Alan García seems to want to be put to trial for crimes against humankind: his last days of mandate are all covered in blood. I just mentioned that five people were killed in Juliaca and I read now that other four were murdered in Huancavelica, further Northeast, in the center of Peru.
Three of them killed by police forces either by shot or beatings: Oswaldo Quispe Lázaro, 22, Iván Cora Quispe, 30 and Davyi Huallalani Martínez, 14. A fourth demonstrator, Julio Páucar, died accidentally while flipping a truck over a to set up a barricade.
Local police admitted that there were police infiltrated among the protesters and that the deaths happened in the context of fights between these plain-clothes policemen and demonstrators.
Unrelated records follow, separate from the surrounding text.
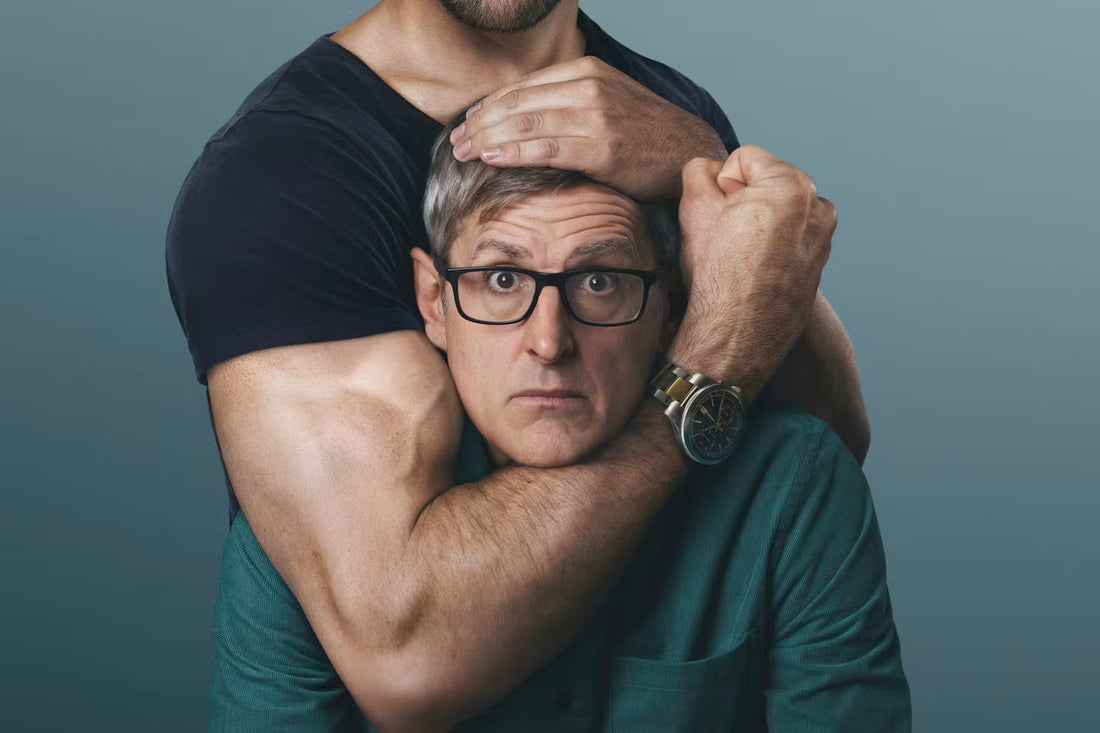 Manosphere image showing Louis Theroux in a headlock hold - official image from the Netflix documentary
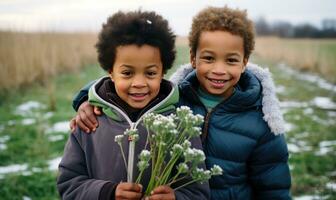 dos niños participación un ramo de flores de flores juntos. ai generado foto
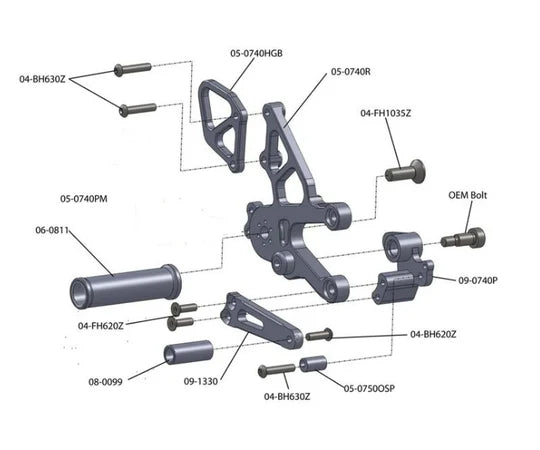 Woodcraft STD Shift Complete Rearset W/Pedals Aprilia RSV4 2021-2024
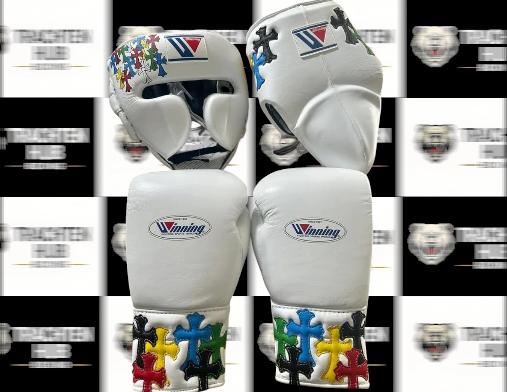Custom Handmade White Chrome Heart Kit - Winning - 100% Cow Leather • Custom Name Print | Handmade Boxing Gear by TRACHTEN HUB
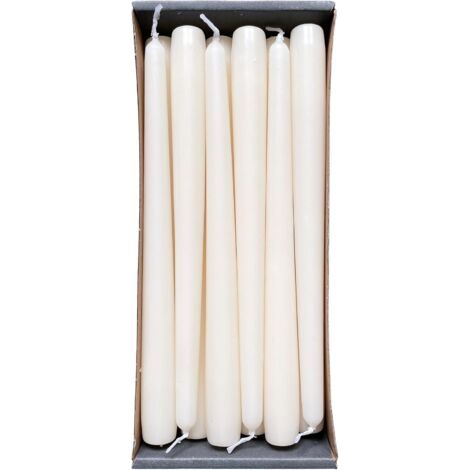Bougies Coniques - Lot de 12 - Paraffine - Crème - Sans Parfum - 2,3 x 25 cm (1/5)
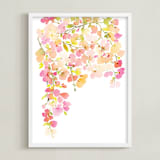 "Light Pink Cherry Blossoms" - Art Print in Cherry Blossom Pink by Yao Cheng Design - Framed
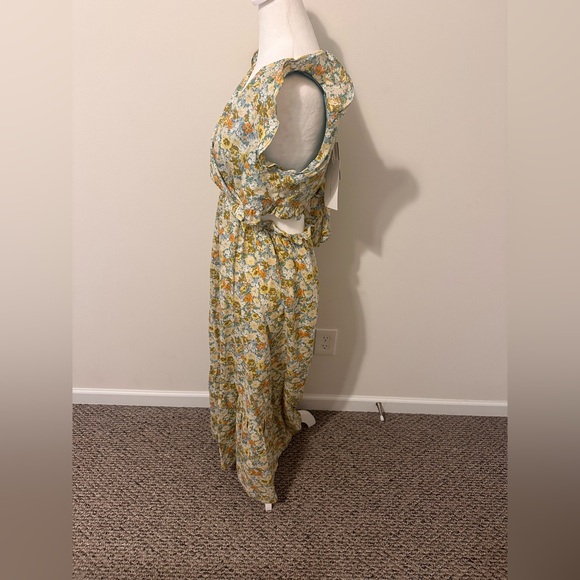 Lush Yellow and Green Floral Midi Dress Size large - Picture 2 of 7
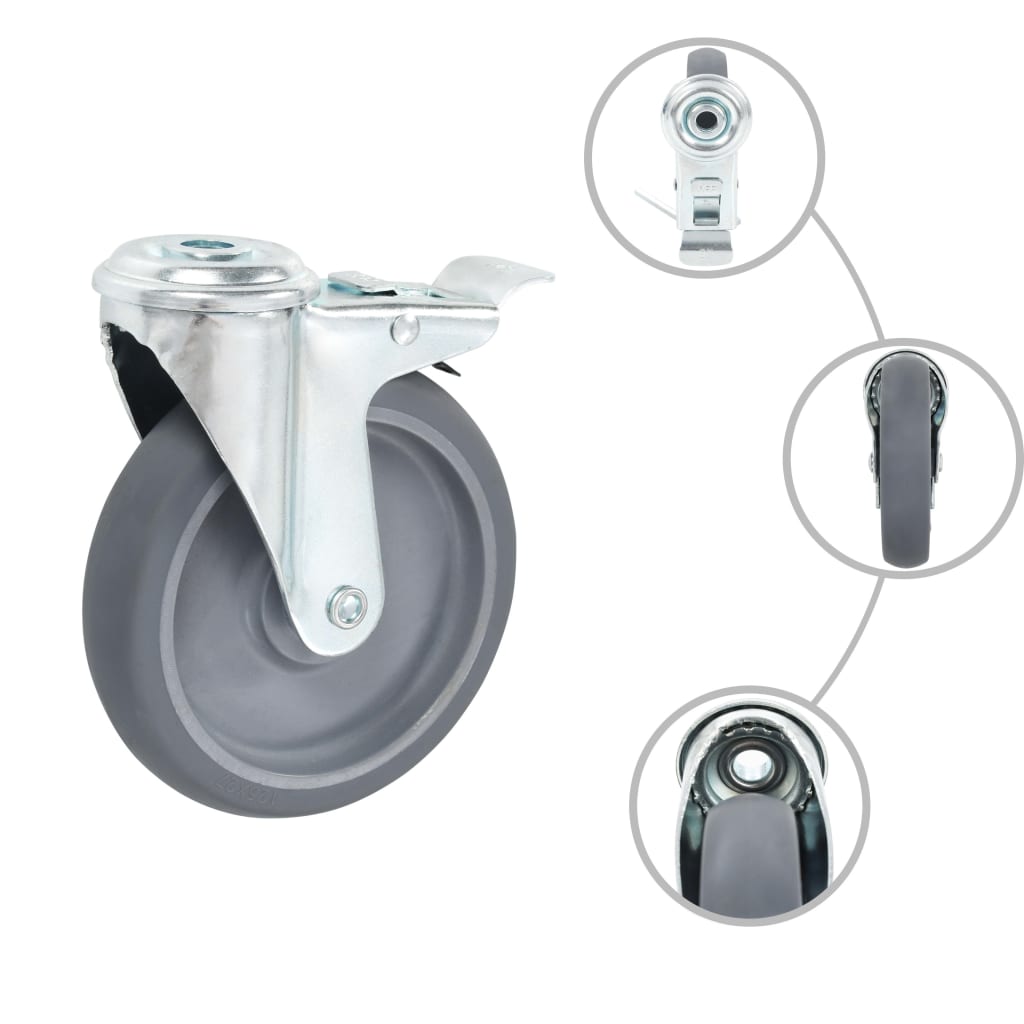 Vidaxl Lenkrollen mit Bolzenlöchern 4 Stück 125 mm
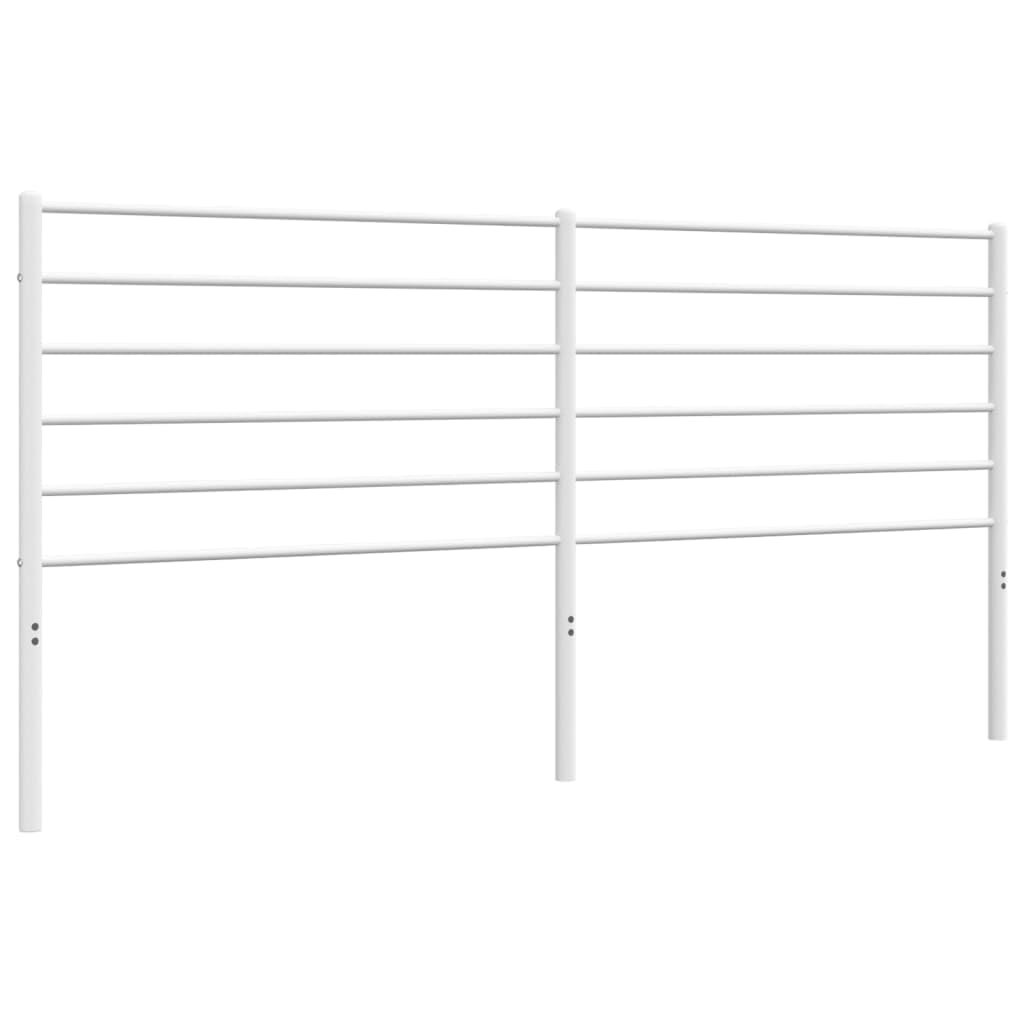 vidaXL Steel Headboard for Bed with Round Tubes, White - Classic Design, Easy Assembly, 70.9&quot; Mattress Width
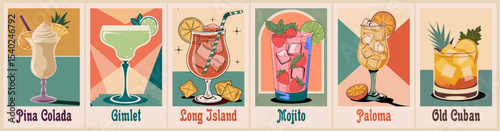 Cocktails retro poster set. Pina Colada, Old Cuban, Mojito, Gimlet, Long Island. Collection of popular alcohol drinks. Vintage style vector illustrations, bar, pub, restaurant, kitchen wall art print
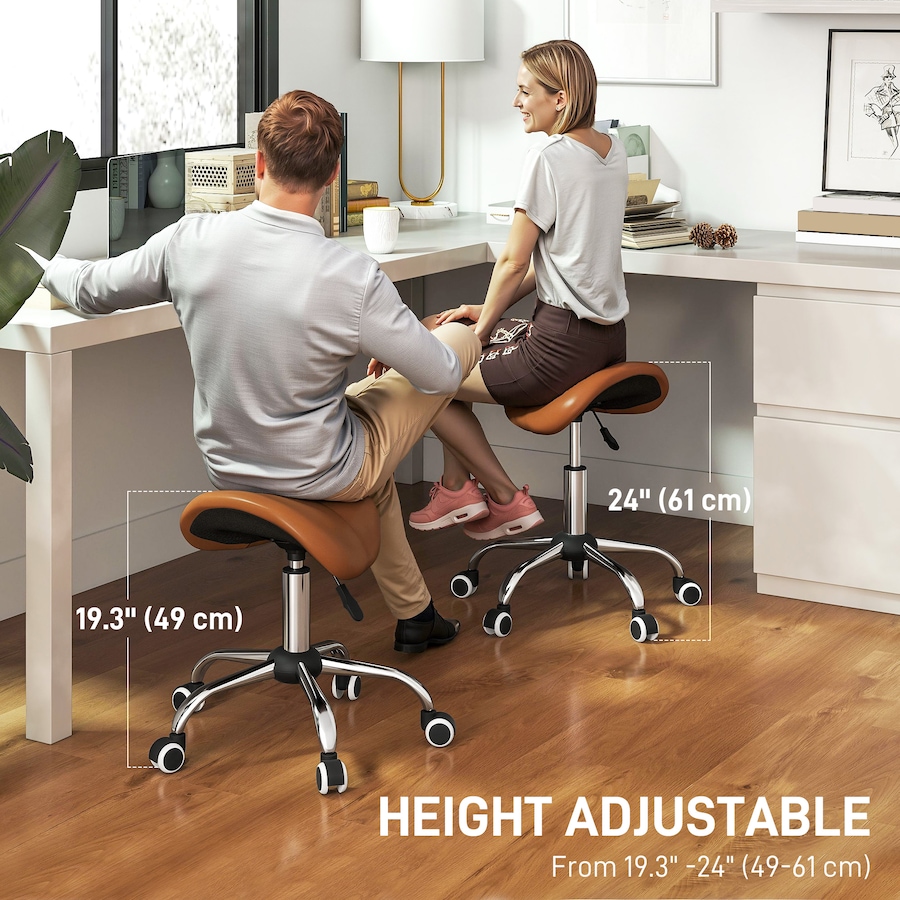 Image 980903_ALTMORE3.jpg, Product 980-903 / Price $72.74, HOMCOM Height Adjustable Hydraulic Rolling Salon Stool Swivel Saddle Chair from HOMCOM on TSC.ca's Home & Garden department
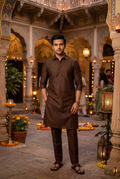 Men's Chocolate Brown Silk-Blend Plain Kurta  Pajama Set
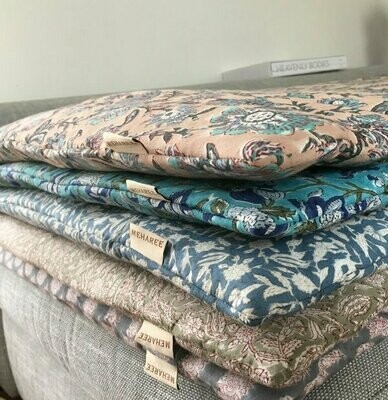 sofa cover - block print indien coton pêche, vert et bleu
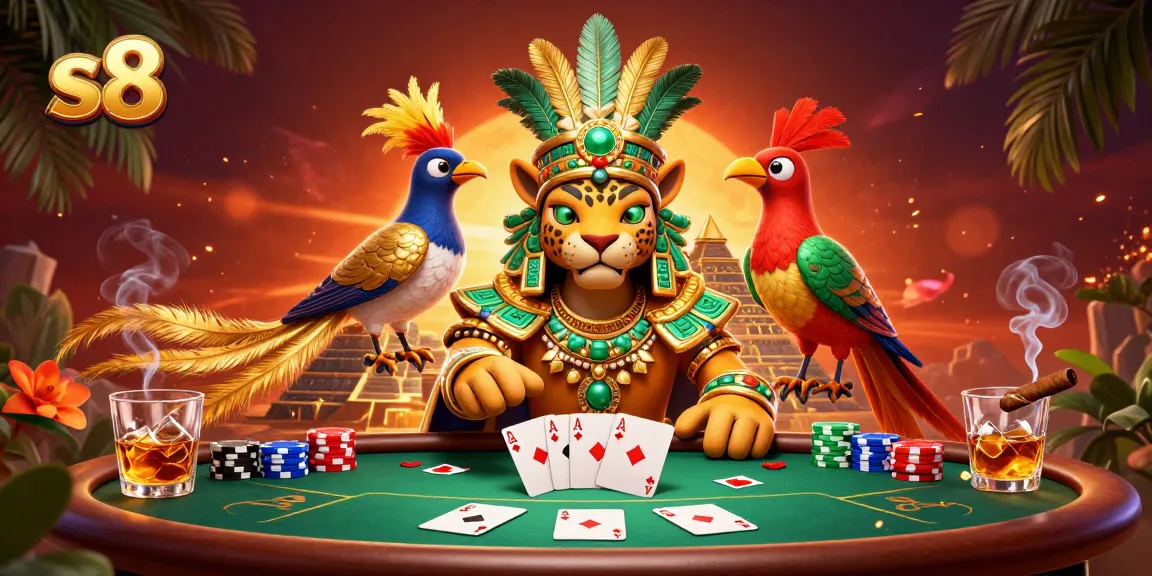 Experience thrilling poker action at s8 as a Mayan jaguar priest rules the table.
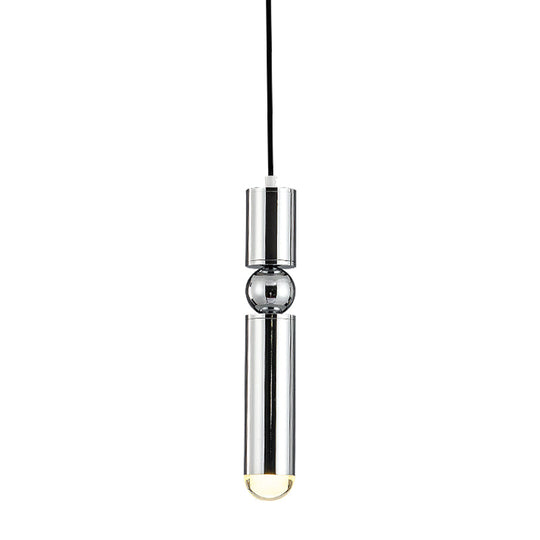 Modern Tube Hanging Light - Metal Black/White/Brass LED Suspension Pendant in Warm Light, Ideal for Dining Rooms
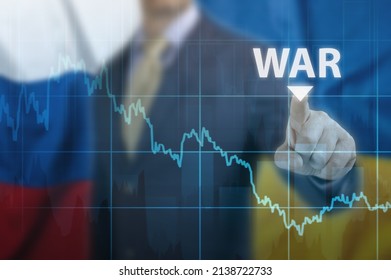 Effect Of War On Global Economy In 2022 And 2023. Economic Crisis That Will Seriously Affect Russia In 2022 Due To Conflict With Ukraine. Bankruptcy And Financial Crisis Concept.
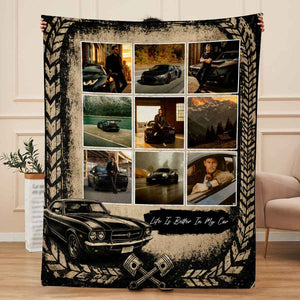 Personalized Car Photo Blanket | Custom Collage Blanket, Gift For Car Lovers, Classic Car Fans & Auto Racing Enthusiasts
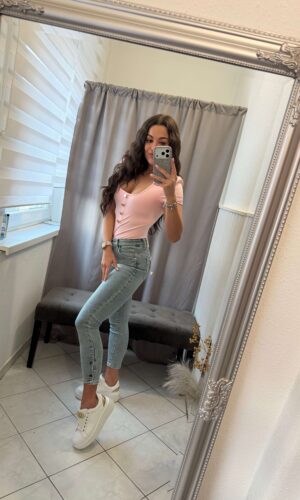 Eliz rövid ujjú arany gombos púder felső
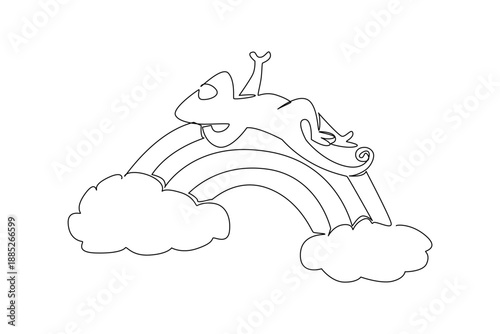 Continuous line drawing cute adorable chameleon in blissful supine sleep, playfully cradled by minimalist rainbow arc. Great for nursery decor and cheerful celebration vibes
They admitted to have live ammunition (bullets and pellets) to repress the protests.
The protests mean to prevent that half of the local university's budget goes to a semi-private project that they consider unnecessary in nearby Tayacaja, in the same region, that has only 450,000 inhabitants as a whole. They argue that this project only obeys to political reasons and that it does not consider the real educative needs of the region.
According to Ana Delgado (La Haine), some 270 social conflicts are extremely hot around the country as outgoing President Alan García faces his last 40 days in power. Then President elect Ollanta Humala will assume power, hopefully for the better.